Michael reminded me the last two weeks how I need to learn to let go of worry a little bit and trust my  intuition. I also need to learn to trust him that he will be able to go with the flow of trying different things, making friends with new people, and even with challenges, he will overcome. He has repeatedly told me he likes camp, he likes his companion/shadow, and he likes the busy structure of the day. They do crafts, play games in the park and swim. This works perfectly with Michael and helps him regulate best. The kids here are also very understanding about autism and various challenges. There have been a few boys who attended who have had autism, so different mannerisms that Michael has are not shocking.
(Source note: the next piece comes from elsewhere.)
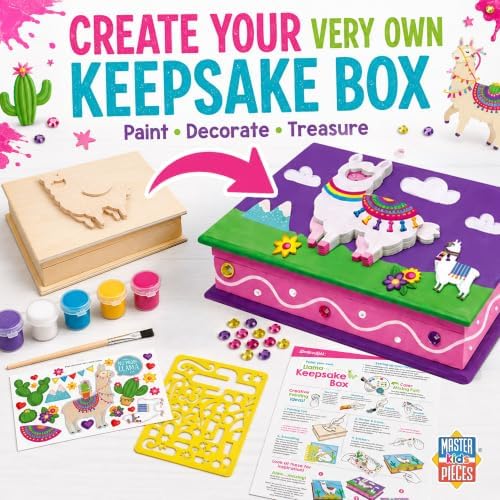 Masterpieces Craft Set - Llama Keepsake Box Classic Wood Paint Kit - Premium Quality Educational and Fun Activity for Kids and Families - Great Gift Idea for Holidays Birthdays and Everyday Use - Image 6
The next thing to do is to get a dialogue going in camp about differences and embracing them. That will come in the future, I hope.

Exceptional Parents, do you trust in yourself and your child in new environments? How do you feel about risk? Interestingly, your child probably will take after you or your partner in one way or another, being fearless or fearful, or a mix of the two. Michael is pretty much a mix of his Dad and I. The important thing for you to do is to teach your child resilience in the form of risk taking combined with some calculated caution. Teach them that everything, good and bad, is an experience that they can learn and grow from. They don’t need to regret anything, but do their best and learn from their mistakes to become stronger in the future. Until next time.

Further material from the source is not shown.